- _Provided material_
+++++

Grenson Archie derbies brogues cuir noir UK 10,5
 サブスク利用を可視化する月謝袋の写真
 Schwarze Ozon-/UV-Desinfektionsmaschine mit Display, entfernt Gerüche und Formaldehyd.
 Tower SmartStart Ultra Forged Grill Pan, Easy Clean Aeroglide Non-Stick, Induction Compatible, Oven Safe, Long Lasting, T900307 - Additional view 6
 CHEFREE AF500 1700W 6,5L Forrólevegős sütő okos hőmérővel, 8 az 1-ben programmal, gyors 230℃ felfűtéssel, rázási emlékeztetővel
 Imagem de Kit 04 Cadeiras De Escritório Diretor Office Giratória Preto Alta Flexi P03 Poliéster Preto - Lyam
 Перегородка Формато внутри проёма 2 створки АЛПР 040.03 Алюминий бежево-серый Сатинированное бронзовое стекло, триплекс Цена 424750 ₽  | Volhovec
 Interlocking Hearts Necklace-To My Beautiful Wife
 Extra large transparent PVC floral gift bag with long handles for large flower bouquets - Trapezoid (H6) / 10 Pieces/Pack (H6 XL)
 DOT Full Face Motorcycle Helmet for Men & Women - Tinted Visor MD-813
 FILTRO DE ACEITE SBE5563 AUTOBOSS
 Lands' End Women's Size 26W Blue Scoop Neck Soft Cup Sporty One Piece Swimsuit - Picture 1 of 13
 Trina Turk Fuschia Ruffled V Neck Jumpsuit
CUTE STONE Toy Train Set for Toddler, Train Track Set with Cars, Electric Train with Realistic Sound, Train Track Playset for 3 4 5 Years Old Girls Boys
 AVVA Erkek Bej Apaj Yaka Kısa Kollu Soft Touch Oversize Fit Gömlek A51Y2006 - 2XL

+++++

- _Work to complete_
A faithful, word-for-word transcript of the material above is the required answer.

- _Output for this exercise_
Grenson Archie derbies brogues cuir noir UK 10,5
 サブスク利用を可視化する月謝袋の写真
 Schwarze Ozon-/UV-Desinfektionsmaschine mit Display, entfernt Gerüche und Formaldehyd.
 Tower SmartStart Ultra Forged Grill Pan, Easy Clean Aeroglide Non-Stick, Induction Compatible, Oven Safe, Long Lasting, T900307 - Additional view 6
 CHEFREE AF500 1700W 6,5L Forrólevegős sütő okos hőmérővel, 8 az 1-ben programmal, gyors 230℃ felfűtéssel, rázási emlékeztetővel
 Imagem de Kit 04 Cadeiras De Escritório Diretor Office Giratória Preto Alta Flexi P03 Poliéster Preto - Lyam
 Перегородка Формато внутри проёма 2 створки АЛПР 040.03 Алюминий бежево-серый Сатинированное бронзовое стекло, триплекс Цена 424750 ₽  | Volhovec
 Interlocking Hearts Necklace-To My Beautiful Wife
 Extra large transparent PVC floral gift bag with long handles for large flower bouquets - Trapezoid (H6) / 10 Pieces/Pack (H6 XL)
 DOT Full Face Motorcycle Helmet for Men & Women - Tinted Visor MD-813
 FILTRO DE ACEITE SBE5563 AUTOBOSS
 Lands' End Women's Size 26W Blue Scoop Neck Soft Cup Sporty One Piece Swimsuit - Picture 1 of 13
 Trina Turk Fuschia Ruffled V Neck Jumpsuit
CUTE STONE Toy Train Set for Toddler, Train Track Set with Cars, Electric Train with Realistic Sound, Train Track Playset for 3 4 5 Years Old Girls Boys
 AVVA Erkek Bej Apaj Yaka Kısa Kollu Soft Touch Oversize Fit Gömlek A51Y2006 - 2XL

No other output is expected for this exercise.